# Entries taken from a collection
|---|
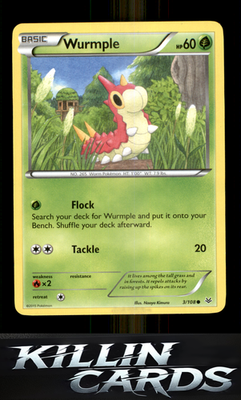Wurmple 3/108 Pokemon Common XY - Roaring Skies Card NM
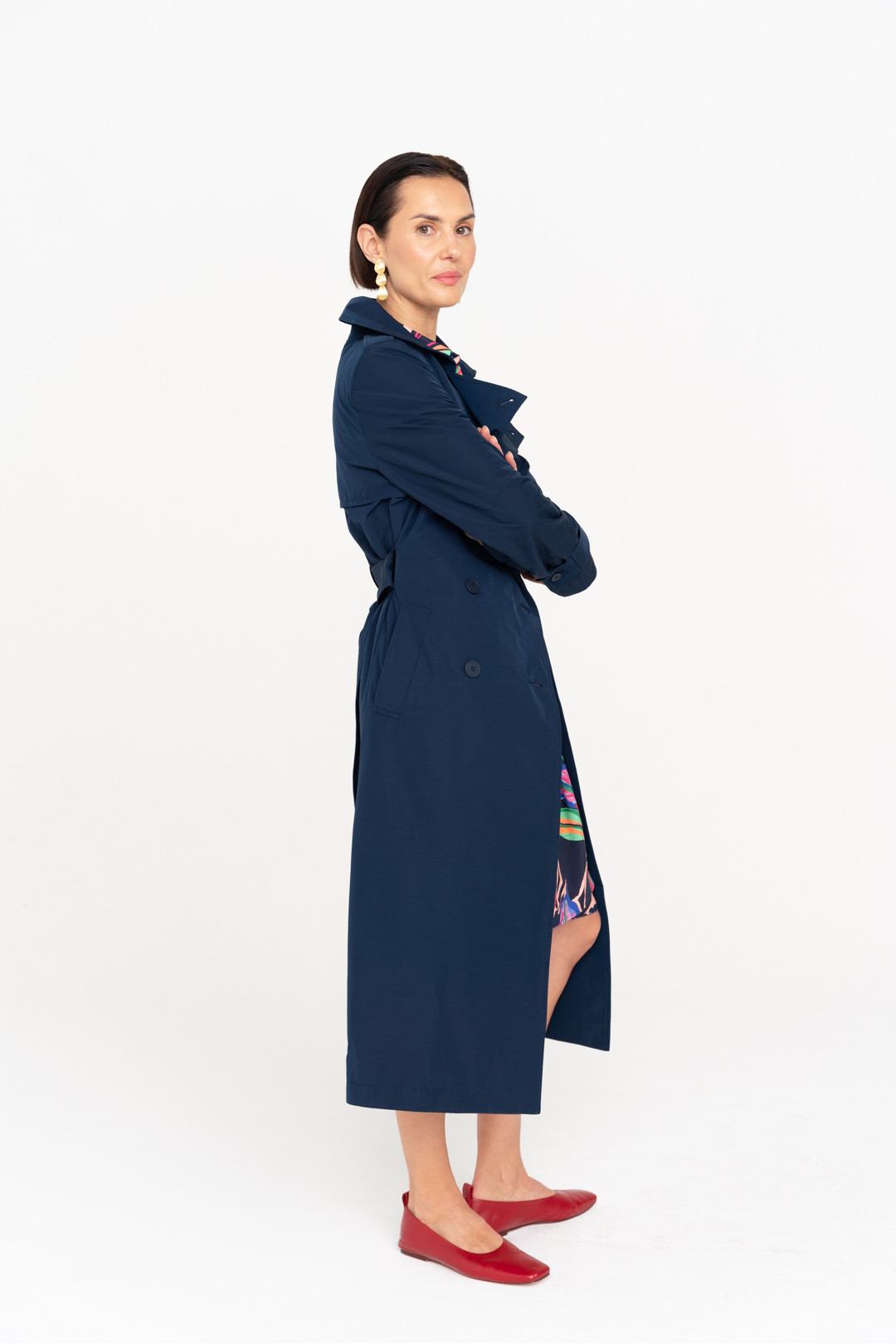 Water repellent fabric trenchcoat 'GLASGOW'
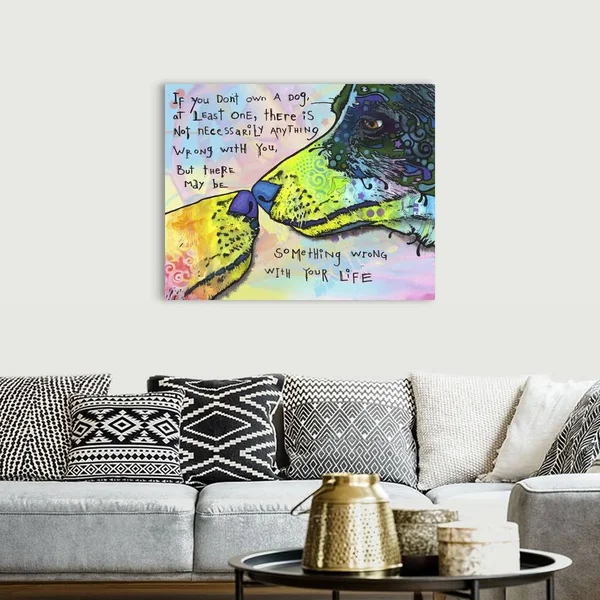 of Life and Dog, Canvas Wall Art, 45x36, Great Big Canvas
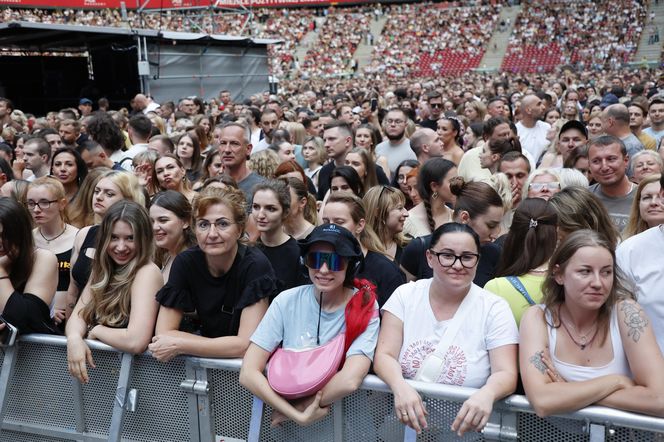 Koncert Jennifer Lopez w Warszawie (25.07.2025) - część druga. Organizatorem koncertu jest Prestige MJM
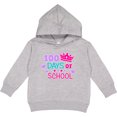 thumbnail image 2 of Inktastic 100 Days of School in Pink and Purple with Crown Toddler Hoodie, 2 of 4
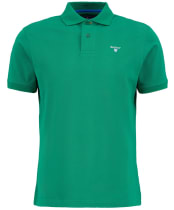 Men's Barbour Active Tailored Fit Polo Shirt - Hedge Green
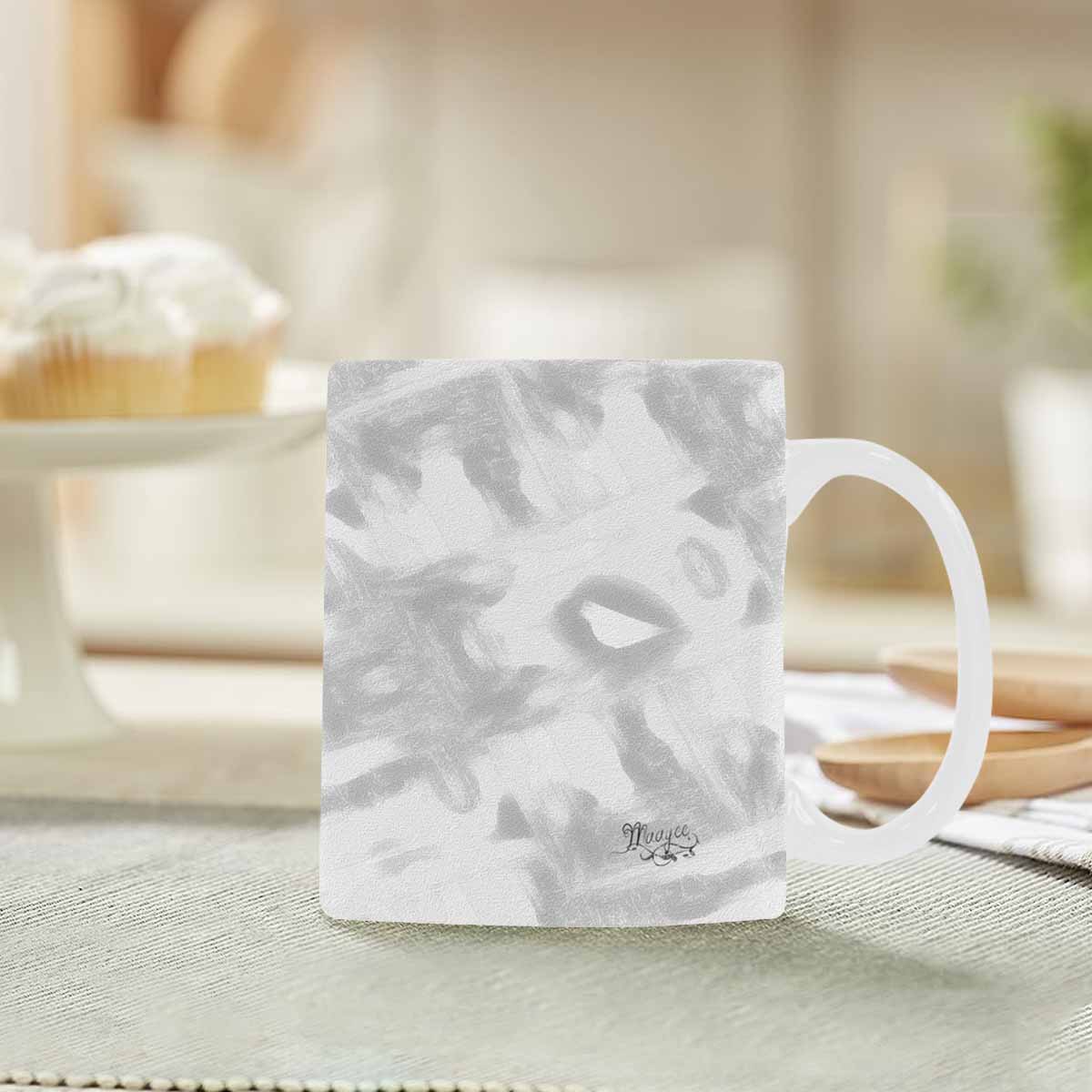 Quality Mug, coffee mug, tea cup, B & W Abstract, Set 1, design 100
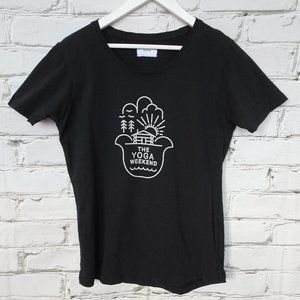 Kotn The Yoga Weekend Black T-Shirt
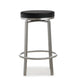 Pratt Black Steel Counter Stool (Set of 2)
|---|
# What this task involves
For this exercise, retype the data above exactly and skip every image.

# Answer to this exercise
Wurmple 3/108 Pokemon Common XY - Roaring Skies Card NM
 Water repellent fabric trenchcoat 'GLASGOW'
 of Life and Dog, Canvas Wall Art, 45x36, Great Big Canvas
 Koncert Jennifer Lopez w Warszawie (25.07.2025) - część druga. Organizatorem koncertu jest Prestige MJM
 thumbnail image 2 of Inktastic 100 Days of School in Pink and Purple with Crown Toddler Hoodie, 2 of 4
 Men's Barbour Active Tailored Fit Polo Shirt - Hedge Green
 Quality Mug, coffee mug, tea cup, B & W Abstract, Set 1, design 100
 Kotn The Yoga Weekend Black T-Shirt
 Pratt Black Steel Counter Stool (Set of 2)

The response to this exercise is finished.